What you should do during this time is build excitement about working for your company, which can include the following: 

  • Sending new hires a "welcome package" with a personalized letter from company leadership
  • Informing them of the role’s perks and amenities 
  • Holding a virtual meetup with their new teammates to help them feel like part of the team

Additionally, keep the channels of communication open. New hires should have access to whatever messaging groups your company uses, as well as relevant phone numbers to call or text if necessary. They will likely have many questions, so try to answer promptly.

Discuss Deliverables, Goals, and Company Culture

It's a good idea to take some time in the beginning for a remote orientation and to spell out your expectations for success. Inform your new hires about how they will be evaluated, what a successful day of work looks like, and how often they should expect to check in with their teams.

Part of this process should include a rundown of company culture. Because of the nature of remote communication, it's advisable to discuss culture more than you would in person. Go into depth about the best practices of navigating company life, and the dynamics of their team. Get them excited about cultural events and team-building activities they can look forward to, especially those they can participate in remotely. 

Set Virtual Meetings So New Employees Can Meet the Team

When a new employee joins the company, all coworkers have one new name and title to remember. The new employee could potentially have dozens. Though rarely easy, it can be even harder to learn about new people and group dynamics without faces and conversations to help jog your memory. That's why it's imperative to set up virtual meetings to get everyone acquainted in remote work situations. Try scheduling a video call for a get-to-know-you team-building meeting whenever you have a new hire, and foster unity by regularly focusing on team-building.

Assign New Hires a Welcome Buddy

Designate an experienced coworker as the new hire's "welcome buddy." In addition to their normal duties, the welcome buddy will regularly meet with the new remote employee to ensure they fully integrate into the new workplace. By pairing new hires up with mentors during the remote onboarding process, they have a built-in resource to turn to for questions on ethics, standard procedures, company history, or company culture.

According to a look into Microsoft's buddy program by Harvard Business Review, "56% of new hires who met with their onboarding buddy at least once in their first 90 days indicated that their buddy helped them to quickly become productive in their role."

Think Beyond the First Week

Onboarding — and indeed, training in general — is not a "one-and-done" event.
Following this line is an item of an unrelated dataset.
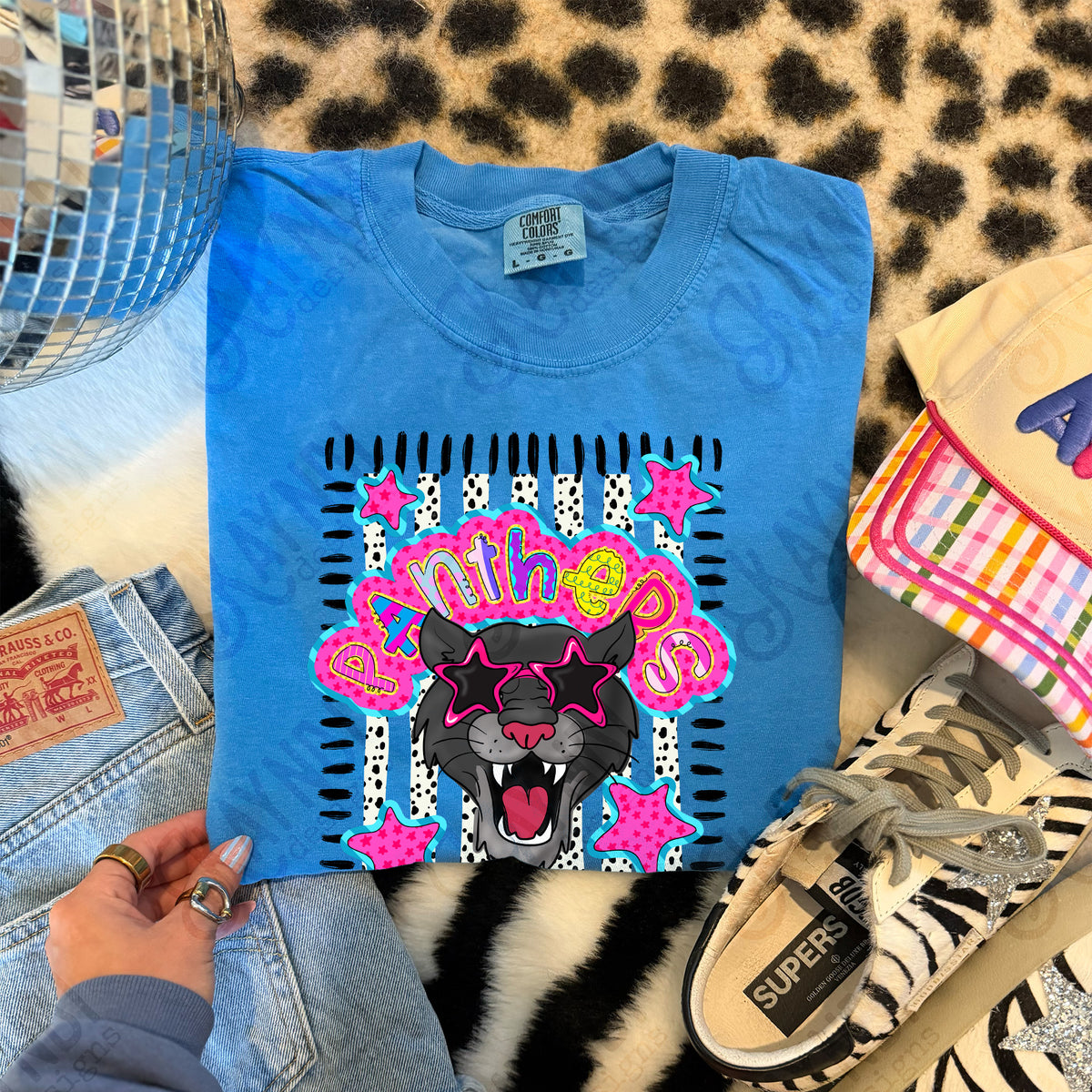 Panthers doodle star sunglasses (Kayndi) DTF Transfer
Yes, much of the heavy lifting takes place in the early days of a new hire's tenure, but to onboard them effectively as a remote worker, you'll need to think about long-term integration. Experts advise that proper onboarding takes anywhere from four months to a year — far longer than just a week or two. Now think about the challenges that come along with being remote!  

Think about your own schooling. When it came to the critical topics, teachers didn't just teach you once. They periodically reviewed and evaluated your progress to ensure the lessons sank in. Remote onboarding best practices are similar. While the first few training-intensive weeks are an essential part of the onboarding process, they alone aren't adequate. Many of the procedures and best practices new hires learn early on can be easily forgotten, but periodic reviews and check-ins ensure new skills and knowledge become second nature, and connections become more profound and genuine, even if your team doesn’t share a workspace. 

In the end, proper recruiting and onboarding for both remote and in-person workers are crucial. Not only does it build the best possible foundation for an individual employee’s success, but it also benefits the company at large. Good virtual onboarding creates a better-trained workforce and a more unified team, ultimately leading to long-term success for the company’s culture, expertise, and prosperity.